→ **PROMPT**: Write out, from the entries below, exactly the lines that run between the lines holding "Hand painted bring" and "Beautiful brunette women", inclusive, and stop there.
---
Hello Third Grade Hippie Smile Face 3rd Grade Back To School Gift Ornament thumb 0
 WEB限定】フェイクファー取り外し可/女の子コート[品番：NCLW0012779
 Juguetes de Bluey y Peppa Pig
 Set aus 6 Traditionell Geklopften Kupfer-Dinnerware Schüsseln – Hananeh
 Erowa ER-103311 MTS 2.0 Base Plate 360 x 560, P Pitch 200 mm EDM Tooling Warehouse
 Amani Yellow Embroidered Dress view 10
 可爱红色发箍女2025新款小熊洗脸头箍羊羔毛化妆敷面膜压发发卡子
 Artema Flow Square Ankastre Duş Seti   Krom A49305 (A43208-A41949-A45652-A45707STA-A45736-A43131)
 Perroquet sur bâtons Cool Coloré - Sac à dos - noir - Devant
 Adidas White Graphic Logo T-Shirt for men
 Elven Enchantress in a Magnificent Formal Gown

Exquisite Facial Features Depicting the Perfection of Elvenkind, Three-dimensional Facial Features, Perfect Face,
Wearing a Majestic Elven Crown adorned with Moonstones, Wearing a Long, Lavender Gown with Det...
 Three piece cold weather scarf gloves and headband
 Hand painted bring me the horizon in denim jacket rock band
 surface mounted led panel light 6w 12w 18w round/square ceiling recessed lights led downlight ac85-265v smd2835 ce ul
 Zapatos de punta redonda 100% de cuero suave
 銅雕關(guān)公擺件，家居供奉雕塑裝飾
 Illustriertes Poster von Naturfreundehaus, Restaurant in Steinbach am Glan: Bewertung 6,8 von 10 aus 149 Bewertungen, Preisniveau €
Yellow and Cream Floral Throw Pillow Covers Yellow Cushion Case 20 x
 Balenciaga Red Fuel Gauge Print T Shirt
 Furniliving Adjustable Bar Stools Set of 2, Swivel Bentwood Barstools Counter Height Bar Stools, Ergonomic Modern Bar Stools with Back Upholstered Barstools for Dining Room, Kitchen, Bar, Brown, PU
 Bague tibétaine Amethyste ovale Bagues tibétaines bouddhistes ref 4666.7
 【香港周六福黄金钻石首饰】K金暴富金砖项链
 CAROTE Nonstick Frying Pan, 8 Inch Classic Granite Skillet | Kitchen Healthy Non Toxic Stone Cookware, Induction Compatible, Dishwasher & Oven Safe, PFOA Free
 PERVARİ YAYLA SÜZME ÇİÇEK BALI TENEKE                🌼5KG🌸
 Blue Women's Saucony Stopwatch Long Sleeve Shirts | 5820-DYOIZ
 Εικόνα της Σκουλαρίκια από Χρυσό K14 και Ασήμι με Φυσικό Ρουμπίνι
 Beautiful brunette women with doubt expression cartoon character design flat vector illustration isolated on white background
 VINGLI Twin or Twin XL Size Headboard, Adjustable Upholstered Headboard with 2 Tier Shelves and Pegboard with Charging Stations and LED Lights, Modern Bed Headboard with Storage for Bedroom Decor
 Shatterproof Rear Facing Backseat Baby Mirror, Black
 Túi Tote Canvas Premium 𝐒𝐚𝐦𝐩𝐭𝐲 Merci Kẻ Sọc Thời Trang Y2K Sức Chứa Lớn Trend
---
→ **EXPECTED ANSWER**:
 Hand painted bring me the horizon in denim jacket rock band
 surface mounted led panel light 6w 12w 18w round/square ceiling recessed lights led downlight ac85-265v smd2835 ce ul
 Zapatos de punta redonda 100% de cuero suave
 銅雕關(guān)公擺件，家居供奉雕塑裝飾
 Illustriertes Poster von Naturfreundehaus, Restaurant in Steinbach am Glan: Bewertung 6,8 von 10 aus 149 Bewertungen, Preisniveau €
Yellow and Cream Floral Throw Pillow Covers Yellow Cushion Case 20 x
 Balenciaga Red Fuel Gauge Print T Shirt
 Furniliving Adjustable Bar Stools Set of 2, Swivel Bentwood Barstools Counter Height Bar Stools, Ergonomic Modern Bar Stools with Back Upholstered Barstools for Dining Room, Kitchen, Bar, Brown, PU
 Bague tibétaine Amethyste ovale Bagues tibétaines bouddhistes ref 4666.7
 【香港周六福黄金钻石首饰】K金暴富金砖项链
 CAROTE Nonstick Frying Pan, 8 Inch Classic Granite Skillet | Kitchen Healthy Non Toxic Stone Cookware, Induction Compatible, Dishwasher & Oven Safe, PFOA Free
 PERVARİ YAYLA SÜZME ÇİÇEK BALI TENEKE                🌼5KG🌸
 Blue Women's Saucony Stopwatch Long Sleeve Shirts | 5820-DYOIZ
 Εικόνα της Σκουλαρίκια από Χρυσό K14 και Ασήμι με Φυσικό Ρουμπίνι
 Beautiful brunette women with doubt expression cartoon character design flat vector illustration isolated on white background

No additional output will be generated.